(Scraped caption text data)

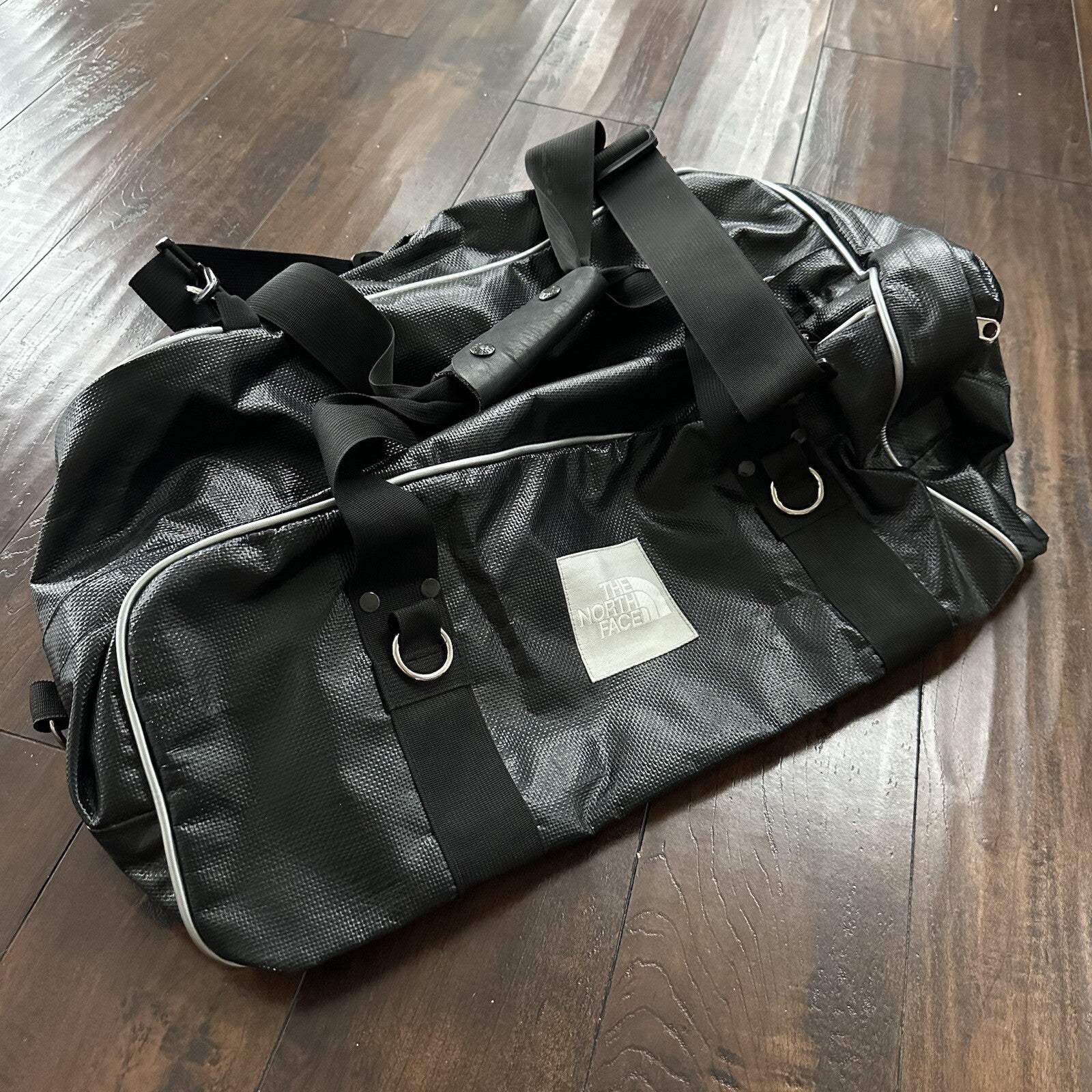 VTG North Face SKI Gear Duffle Gym Bag USA Made Leather Handle Rubber Coated 80s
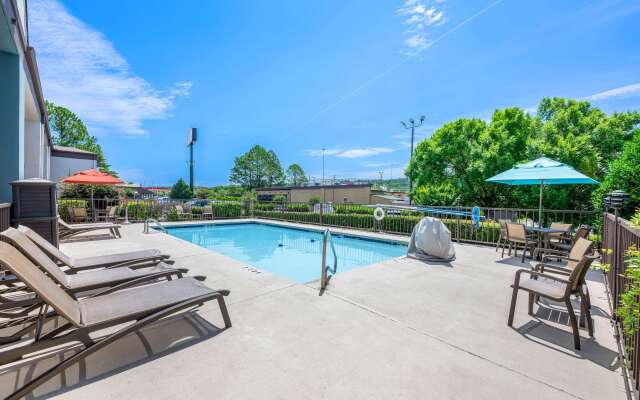 Quality Inn Pelham I-65 exit 246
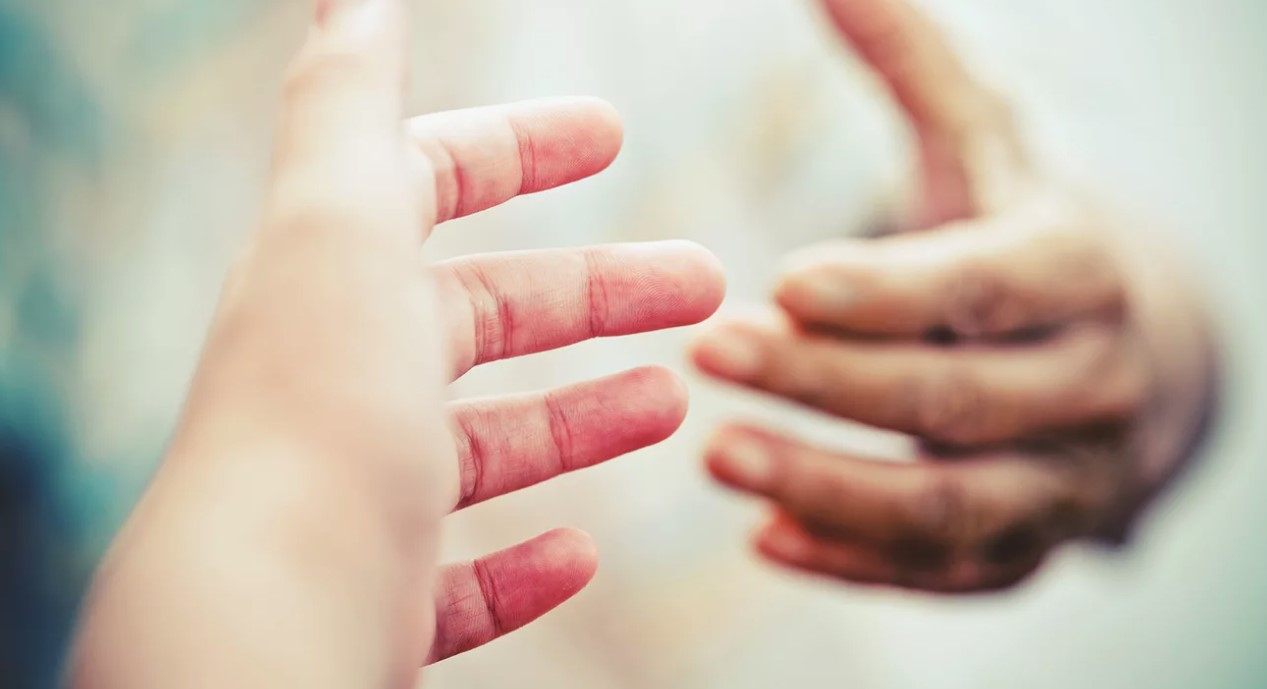 Путь к Выздоровлению: Как Фонд Помощи Зависимым Меняет Жизни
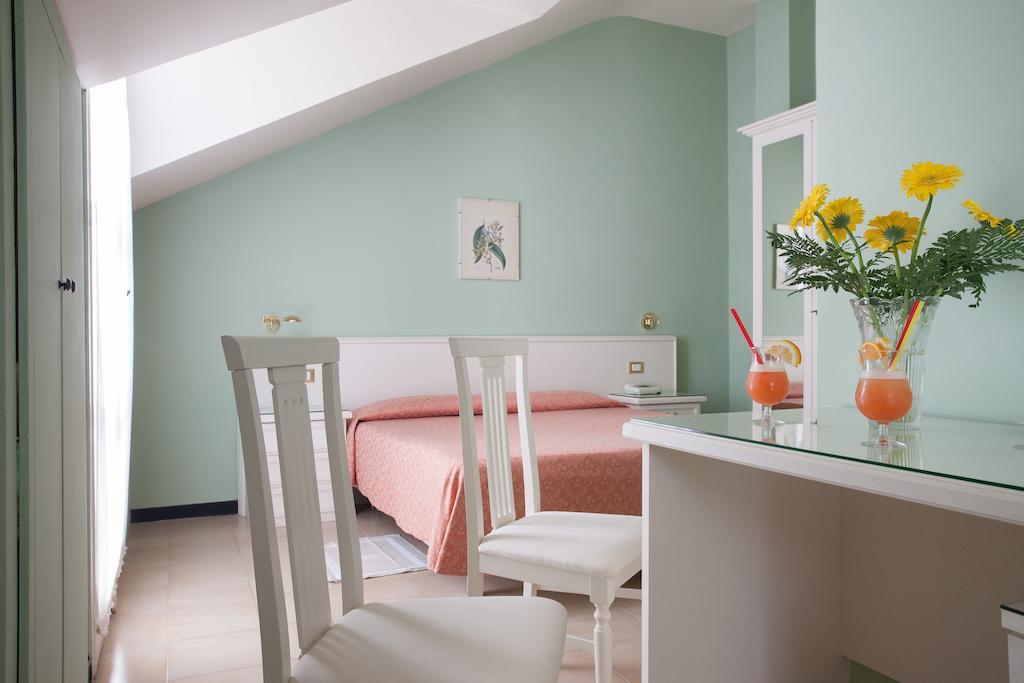 Hotel Splendid Mare Laigueglia Eksteriør bilde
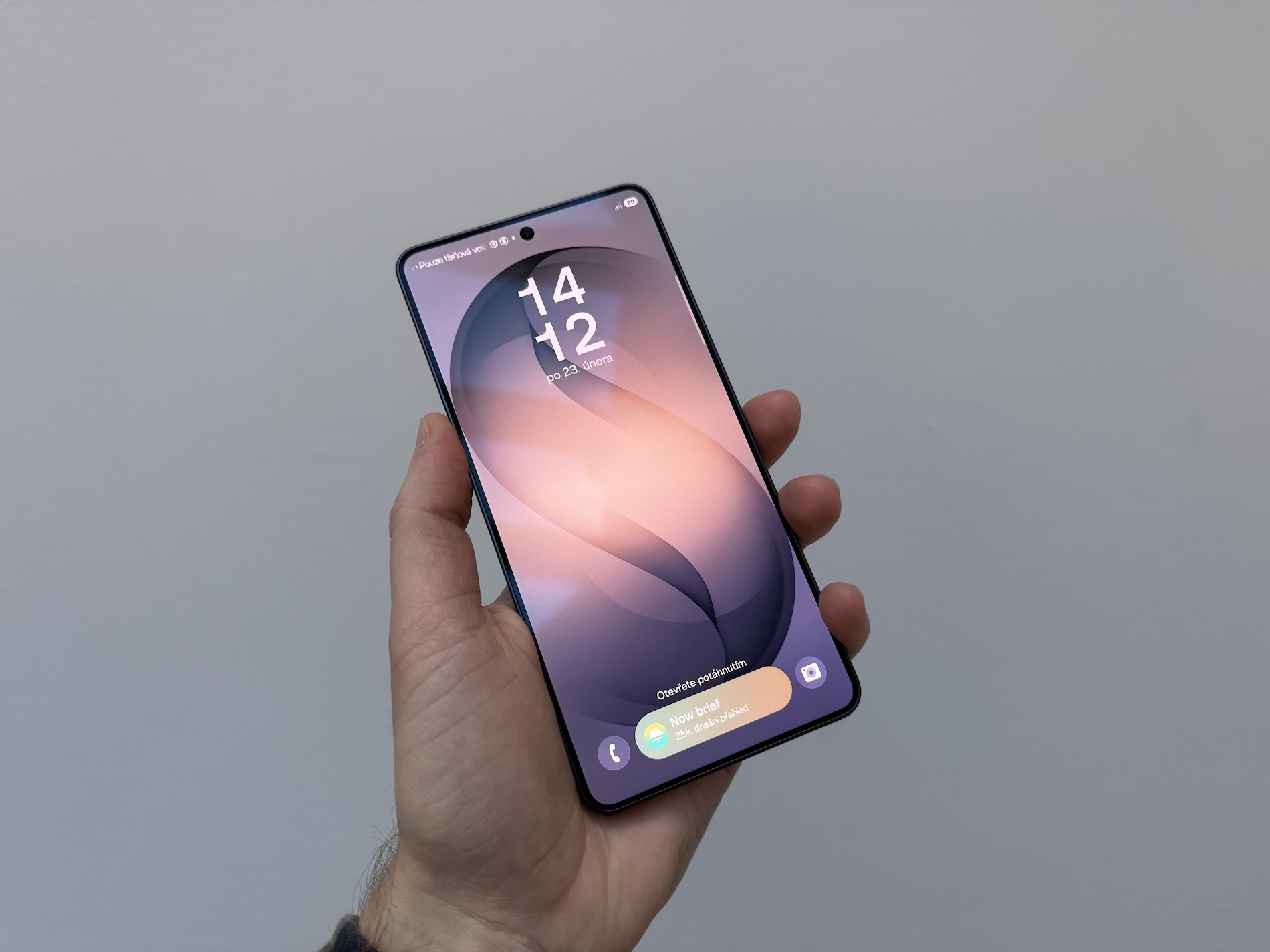 Galaxy S26 Ultra màn hình tím đỏ: Samsung lên lịch sửa và bài học cho người dùng
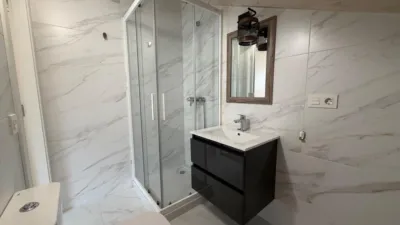 Dúplex en alquiler en Calle de Ruy Pérez, Centro (Avilés) de 820 €<span>/mes</span>
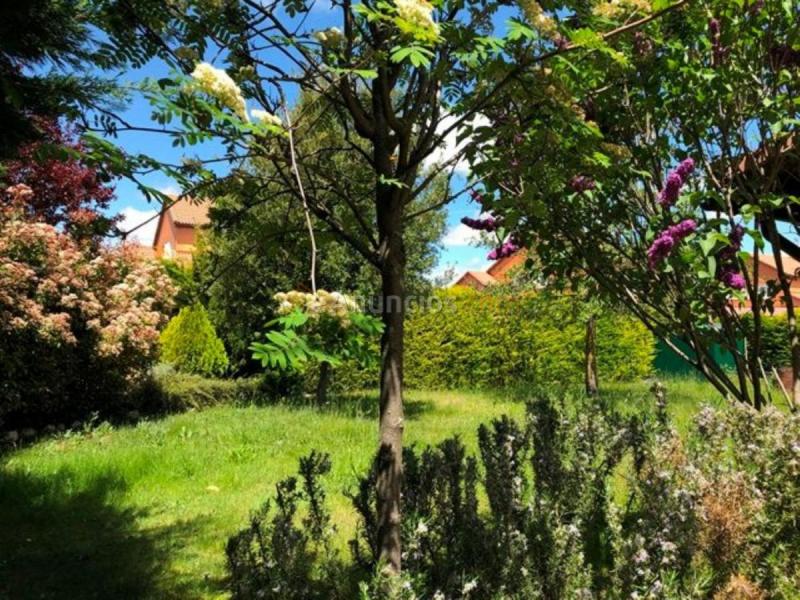 Adosado en venta en  Conde de Fuentes, Fuentes de Valdepero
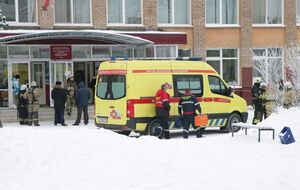 До школи приїхало вісім бригад швидкої допомоги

> WORK REQUIRED
Each of the records above needs to be transcribed exactly, apart from its pictures.

> OUTPUT BELOW
 VTG North Face SKI Gear Duffle Gym Bag USA Made Leather Handle Rubber Coated 80s
 Quality Inn Pelham I-65 exit 246
 Путь к Выздоровлению: Как Фонд Помощи Зависимым Меняет Жизни
 Hotel Splendid Mare Laigueglia Eksteriør bilde
 Galaxy S26 Ultra màn hình tím đỏ: Samsung lên lịch sửa và bài học cho người dùng
 Dúplex en alquiler en Calle de Ruy Pérez, Centro (Avilés) de 820 €<span>/mes</span>
 Adosado en venta en  Conde de Fuentes, Fuentes de Valdepero
 До школи приїхало вісім бригад швидкої допомоги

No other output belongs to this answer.